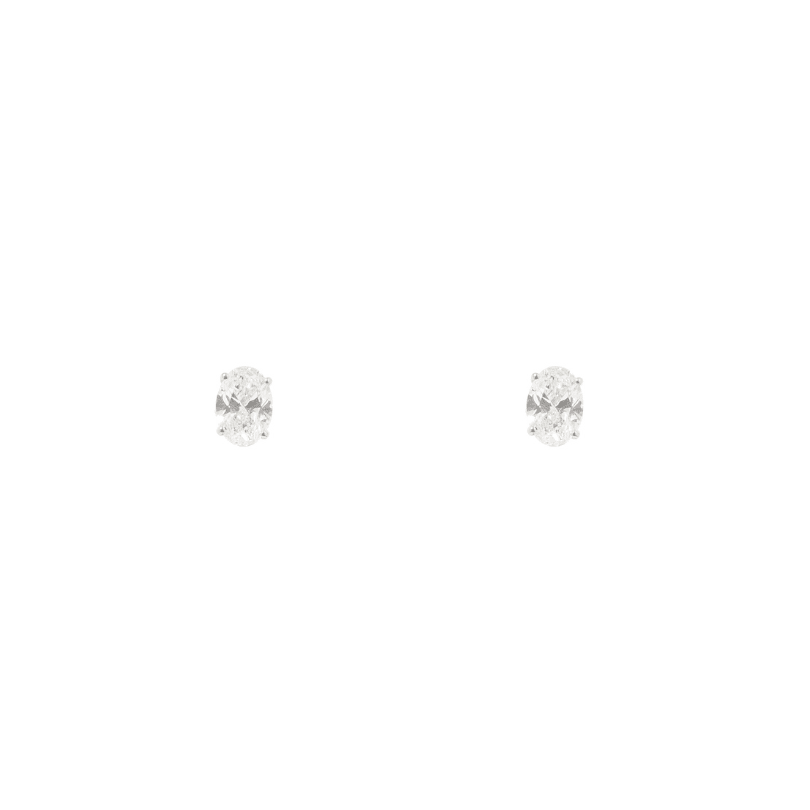 WHITE GOLD EMERALD CUT STUDS 1CT - ARETES - Malandra Jewelry - BM500.27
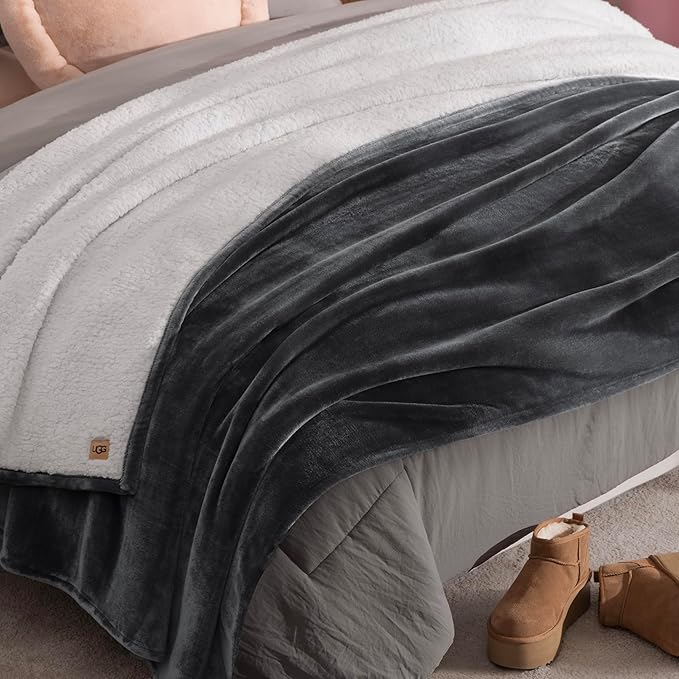 UGG Nita Full/Queen Blanket, Cozy Soft Queen Bedding, Plush Fleece Blanket for Bed, Extra Large Throw for Couch, Luxury Bedroom Decor, 90-inch x 90-inch, Charcoal Grey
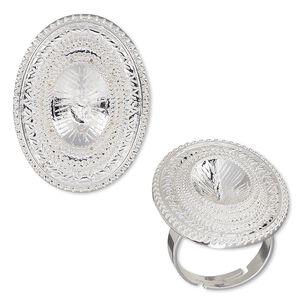 Ring, Almost Instant Jewelry®, silver-plated "pewter" (zinc-based alloy), 31mm wide with beaded design and 14x10mm oval setting, adjustable from size 6 to 7-1/2. Sold individually.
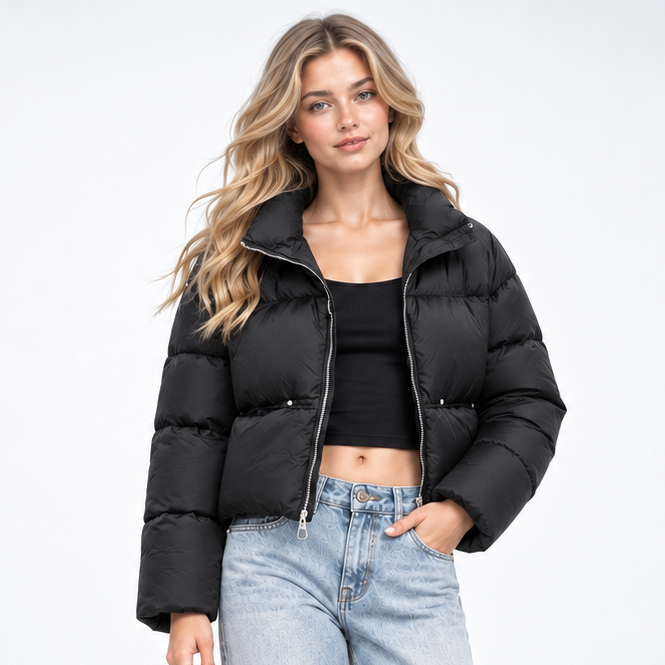 Carlena | Krótka Kurtka Puffer o Minimalistycznym Kroju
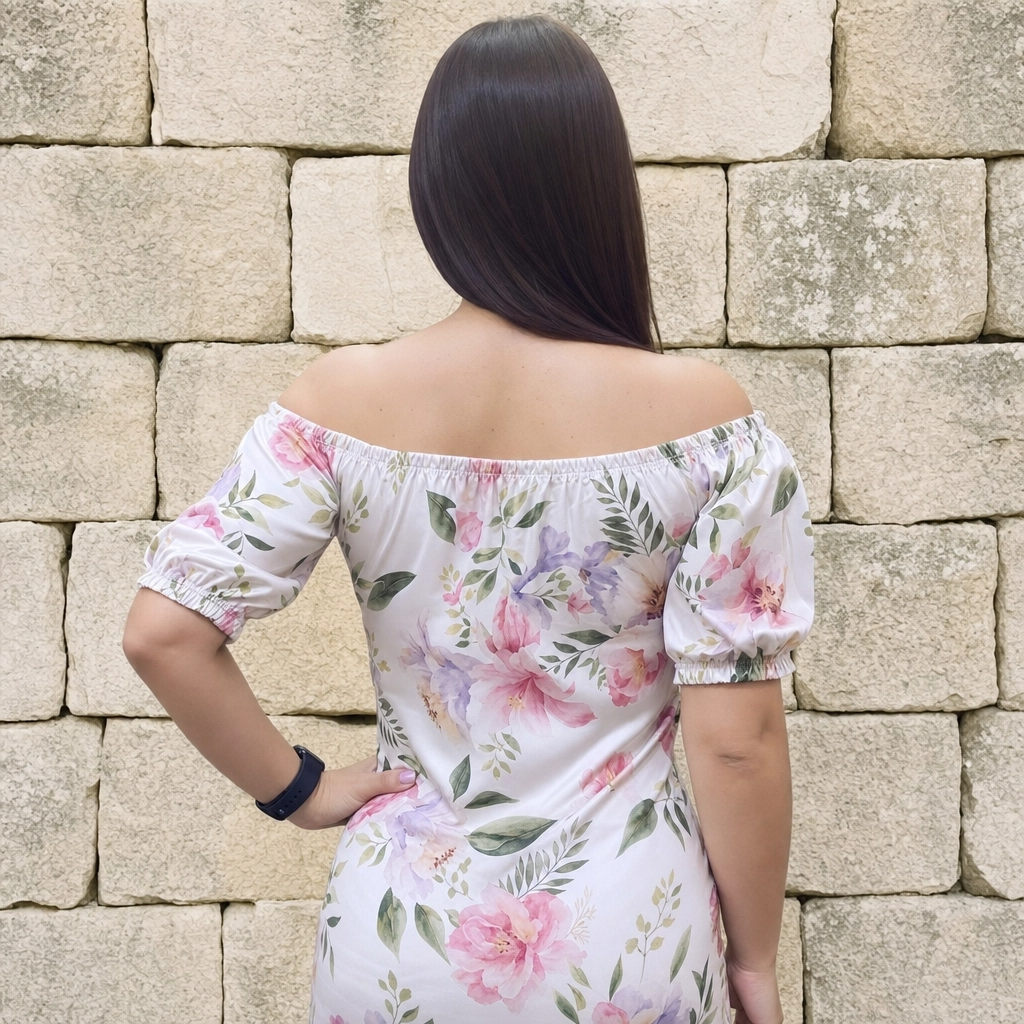 Paw Drazzel Boutique Women's Women’s Off-The-Shoulder, Elastic Neckline, Keyhole Tie, Short Puff Sleeves, Floral Peasant Top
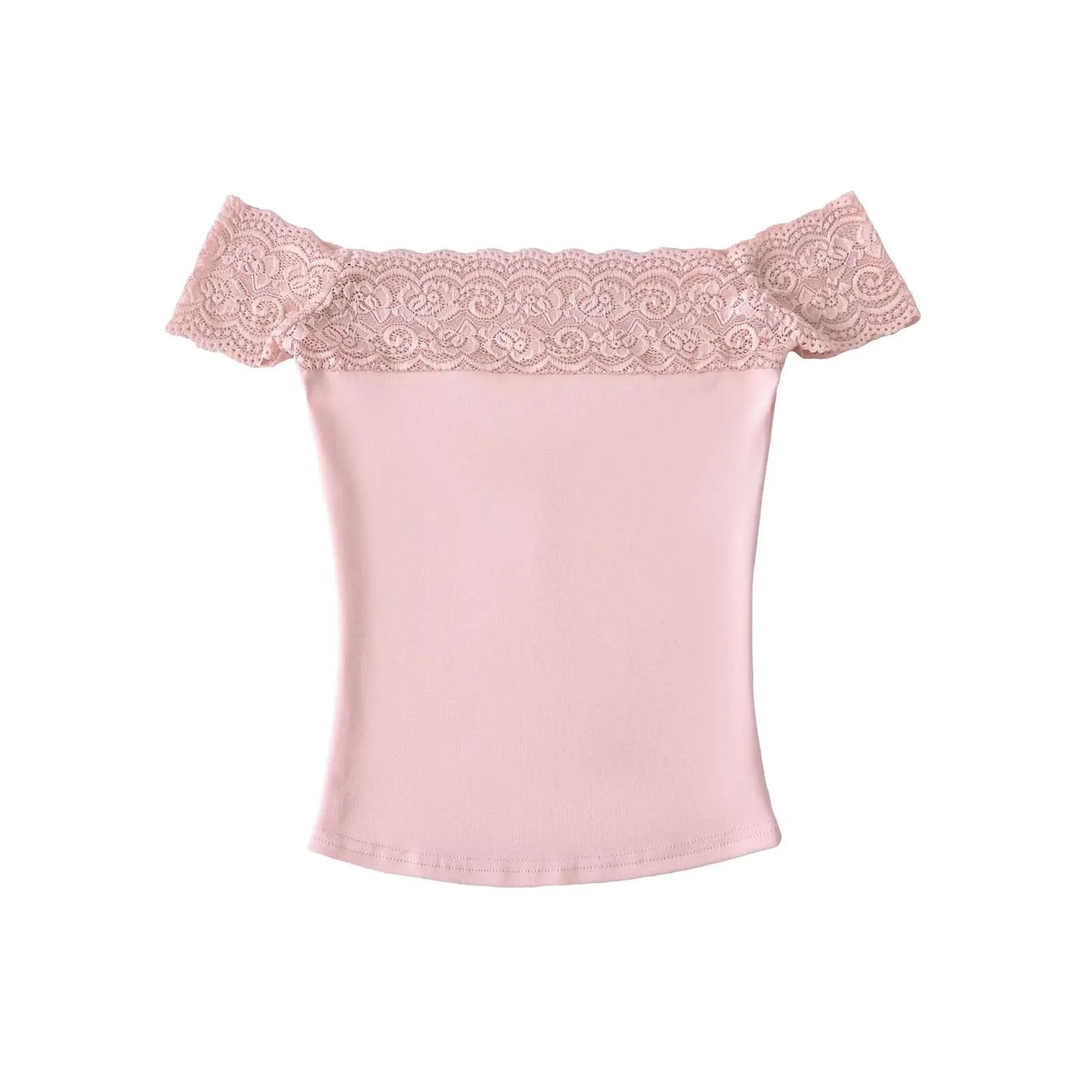 Lace strapless shirt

===============

_TASK REQUIREMENTS:_ Return the full set of lines above word for word and with no pictures.

_RESPONSE AREA:_
 WHITE GOLD EMERALD CUT STUDS 1CT - ARETES - Malandra Jewelry - BM500.27
 UGG Nita Full/Queen Blanket, Cozy Soft Queen Bedding, Plush Fleece Blanket for Bed, Extra Large Throw for Couch, Luxury Bedroom Decor, 90-inch x 90-inch, Charcoal Grey
 Ring, Almost Instant Jewelry®, silver-plated "pewter" (zinc-based alloy), 31mm wide with beaded design and 14x10mm oval setting, adjustable from size 6 to 7-1/2. Sold individually.
 Carlena | Krótka Kurtka Puffer o Minimalistycznym Kroju
 Paw Drazzel Boutique Women's Women’s Off-The-Shoulder, Elastic Neckline, Keyhole Tie, Short Puff Sleeves, Floral Peasant Top
 Lace strapless shirt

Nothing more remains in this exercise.